Much of this summer involved gauging and guessing when the local championship might get up and running. A prolonged run for Tipp in the hurling championship was expected but the emergence of the county football team as All-Ireland semi-final material was the stunning moment of this year’s championship. It was a break-on-through inspiration for counties who have been limited by previous experience into believing that they are locked into a system and cycle of inevitable defeat.

And it was historical: a first appearance in the final four in 81 years. Whether it was a chimera or the beginning of Tipperary as a heavyweight dual county remains to be seen. There was minor controversy within the county when the football final between Loughmore and Moyle Rovers was scheduled for Cashel on the same afternoon when Thurles Sarsfields, the county hurling champions, faced Ballygunner in the Munster club championship in Semple Stadium, the premier venue in the county.

There is no doubt which game is prioritised.

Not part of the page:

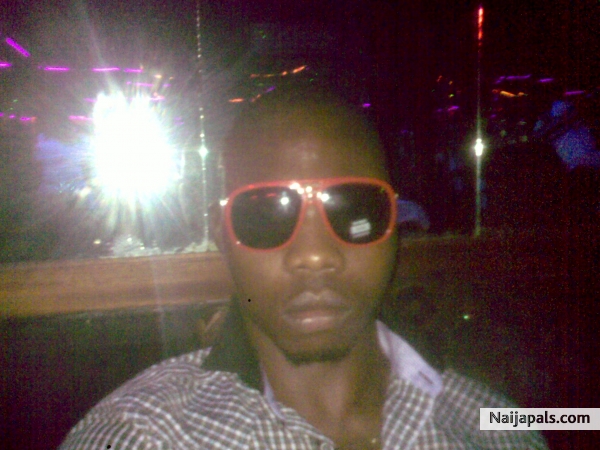 I,ME,& MYSELF........> one luv! - click for next photo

Loughmore-Castleiney have been championing both games for decades and Laffan believes it is possible for Tipp to emulate this at intercounty level.

“I actually think they can. I would be of the opinion that there are probably a lot more footballers that Liam [Kearns, Tipperary’s senior football manager] would like to get in to his panel. It is just to get them involved. There are obviously a certain few that are on the hurling that would be on the football but you can’t blame a guy who has an All-Ireland hurling medal in his pocket for not walking away from that and in this day and age it is simply not realistic to do both at intercounty age. I could name 10 players straight off that I think would be a huge addition to that panel. And I think it can go places.”

Balance

Loughmore’s tradition is sufficiently strong that they are guaranteed to feature in the latter stages of the football competition. But they need to be on their game when they come up against the standard bearers like Clonmel Commericals (whom they beat in this year’s semi-final) and Moyle Rovers.

“And we went through 10 or 12 years periods without winning anything. This team may have more natural footballers than a lot of teams that went before them so they are probably able to switch back into football more easily.”

Still, can they realistically plan to topple a Killarney team which has consistently dominated the Kerry scene? Dr Crokes comfortably closed in on their fifth title in seven seasons by beating Kenmare in mid-October. Colm Cooper contributed an ominous 0-7 to the cause.

When the clubs met in the semi-final three years ago, it finished 3-16 to 1-5. That score line has helped to formulate the bookmaker’s odds, which places the Tipperary men at 8/1. Laffan has, of course, devised a plan to try and cope with Cooper. “But if you over compensate on one player you will get hurt elsewhere,” he points out.

“We have a system of play in which we pretty much play a sweeper all the time. A lot of teams have decided to push up and mark us and that suits us even better because it leaves us five on five up front. I don’t mind if a team wants to push up. But we do have a system of play and I think we have really refined it over the last six weeks.

“Our performance against Clonmel was outstanding for its work rate and effort. I just happened to be speaking to the guy who refereed it at the weekend and he couldn’t get over it as a game of football and the fitness level. I think we have a great shot this time.

“I would feel there are 12 of the team who played in 2013 starting again. That was a young team. So there are a lot of guys there hitting their prime. I know we are long-shot underdogs but that will suit us fine.”